An amazing discovery has been made by construction workers in Brisbane engaged in road construction works. The workers found animal and plant fossils, thought to be about 50 million years old.
The fossils were found by a piling rig contained in a layer of oil shale more than 15 metres below the ground on a construction site at Geebung on Brisbane’s north side during building excavation works.
Academics have called the find unusual and significant, containing fossils of ancient crocodiles, fish, freshwater shells and plants. It was particularly unusual, because it was discovered in an urban area, far away from where discoveries of this nature are usually found.
An article on Abc.net.au explains what happened,
Project engineers have been talking to experts from the Queensland Museum, who say the fossils are those of ancient crocodiles, fish, freshwater shells and plants.
Academics say the suburban site was completely unknown to them.
Professor Suzanne Miller, the chief of the Queensland Museum, says the find is not only unusual but significant.
“It’s very unusual to find materials being uncovered in these urban sites. I mean, most discoveries of this nature are found miles from anywhere,” she told The World Today.

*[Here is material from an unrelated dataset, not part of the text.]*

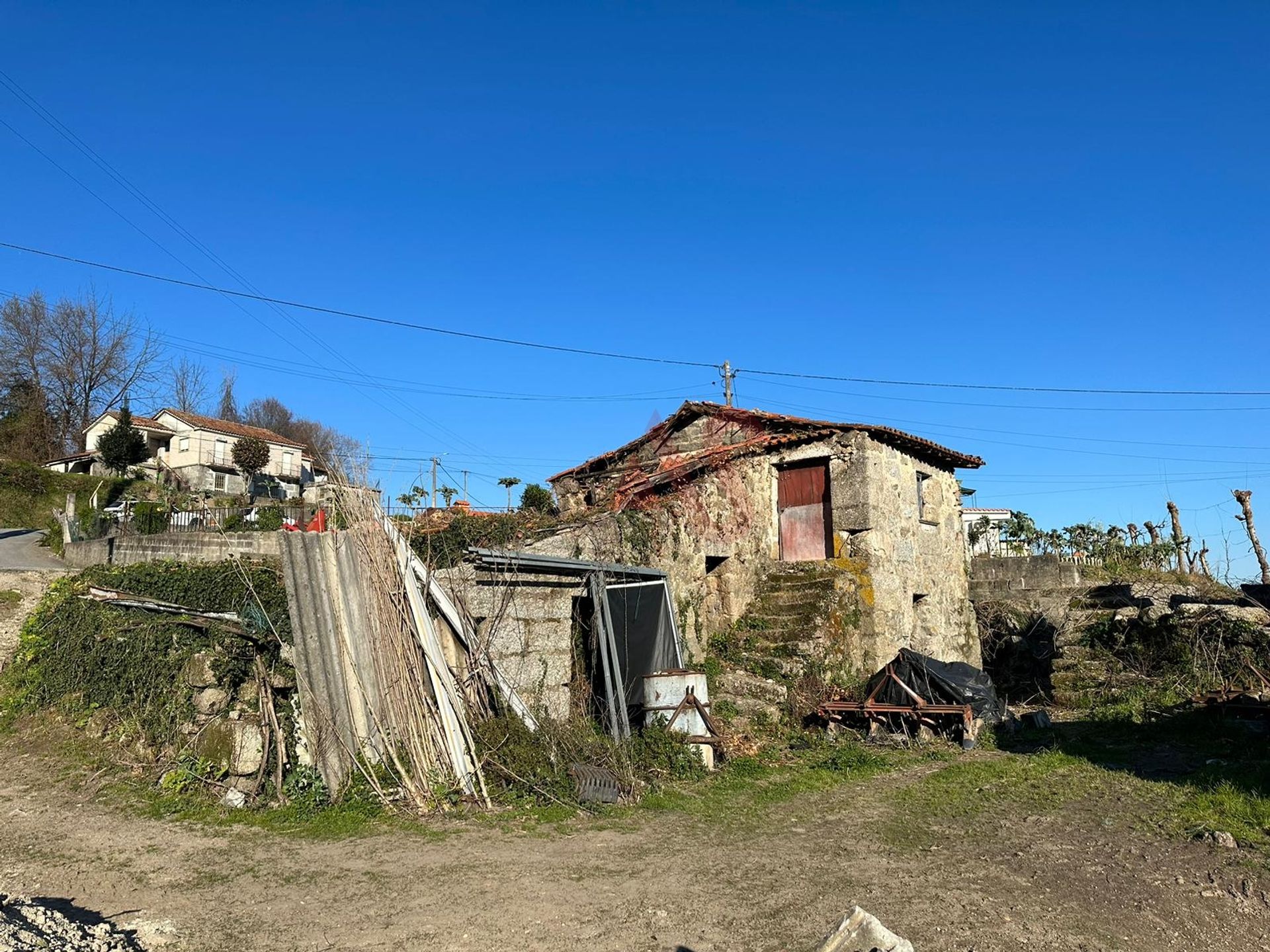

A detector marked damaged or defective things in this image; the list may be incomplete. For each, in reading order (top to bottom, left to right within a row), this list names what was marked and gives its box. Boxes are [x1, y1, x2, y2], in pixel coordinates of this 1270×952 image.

rusty corrugated roof sheet [551, 401, 985, 485]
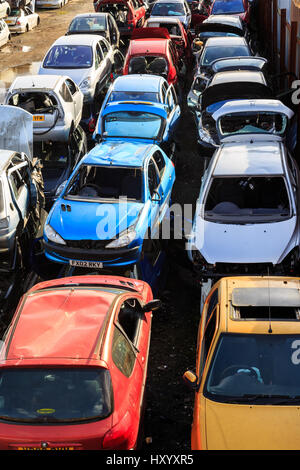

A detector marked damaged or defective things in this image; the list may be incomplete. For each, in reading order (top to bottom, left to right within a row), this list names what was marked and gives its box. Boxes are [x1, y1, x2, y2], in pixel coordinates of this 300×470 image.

“First of all it’s very unusual to have an urban construction site that finds it, and secondly to have the people on the construction team realise that there was something unusual and to make that call was incredibly fortunate for us.”
Professor Miller goes on to call on the community to help by volunteering to help sift through the soil from the site so that it can be transferred to the museum. As she explains, the discovery may provide vital information that could help us piece together a part of our planet’s history perhaps even telling us what the world was like after dinosaurs were wiped out.

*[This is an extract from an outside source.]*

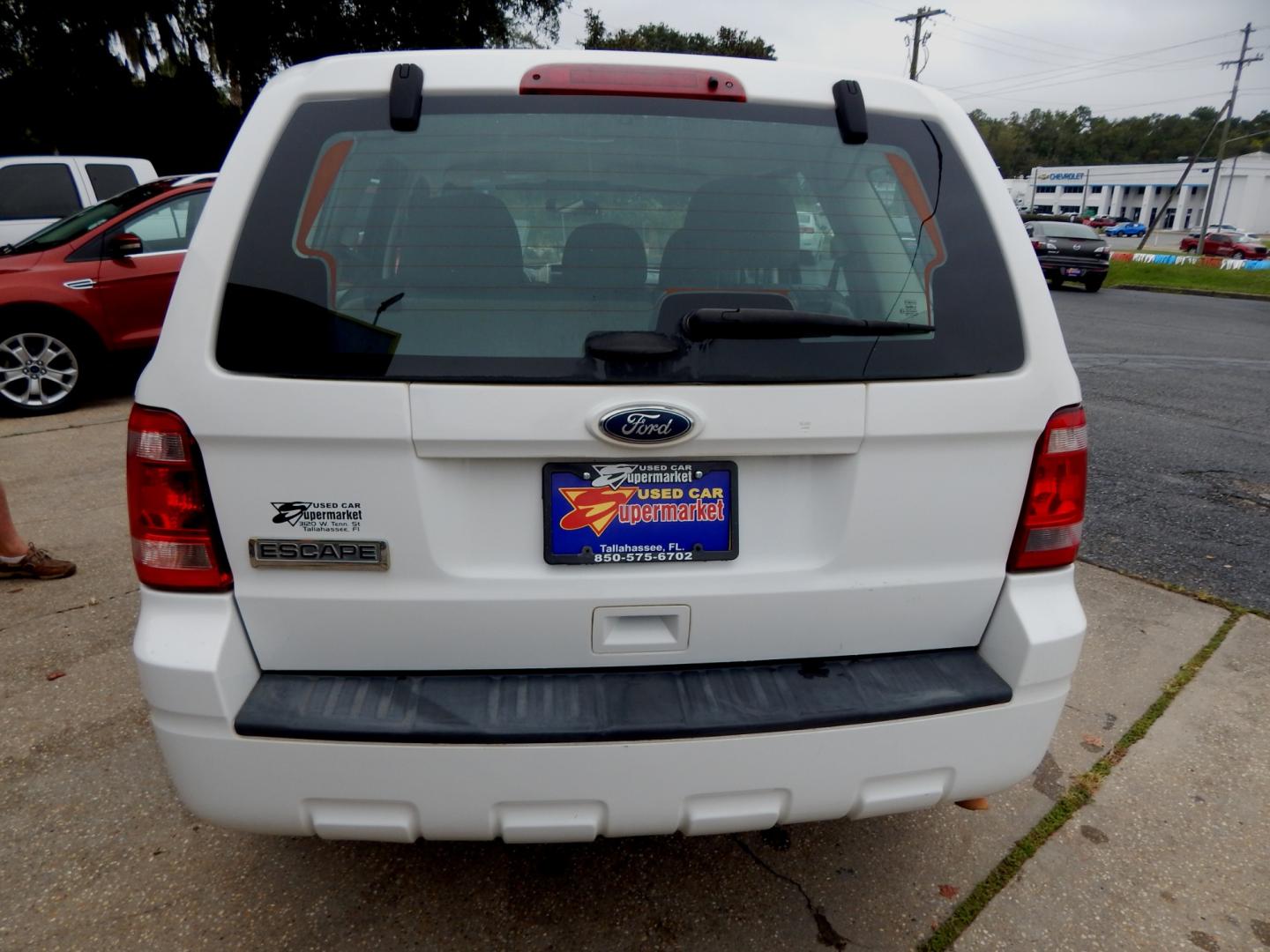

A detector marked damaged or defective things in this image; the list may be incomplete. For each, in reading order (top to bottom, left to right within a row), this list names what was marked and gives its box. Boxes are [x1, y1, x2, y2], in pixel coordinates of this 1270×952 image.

According to academics there may be real potential in the site to discover something unique for the state of Queensland and unique for Oz. The findings could have huge global significance an interest.
Professor Miller went on to state according to the article,
“This is one of those sites that’s showing us all these smaller animals that co-existed in one place in one habitat at the same time, just after the massive extinction that wiped out a vast amount of life on the planet.
“It’s a really critical time for understanding how life then went on to evolve, but it’s quite a bit before the time of the famous Australian megafauna where you have the giant kangaroos and so on.
“It’s a bit of a missing link in the geological and fossil history, not just of Australia but within the world.”
Brisbane Lord Mayor Graham Quirk says the find will not hinder the timetable for the project, although engineers are now liaising with researchers in case more unusual remains are unearthed.
According to the Lord Mayor the construction project will continue as planned, as it is a $200 million road congestion and safety project. The real value is in the soil which will be conserved and taken away to the museum to be further examined by experts.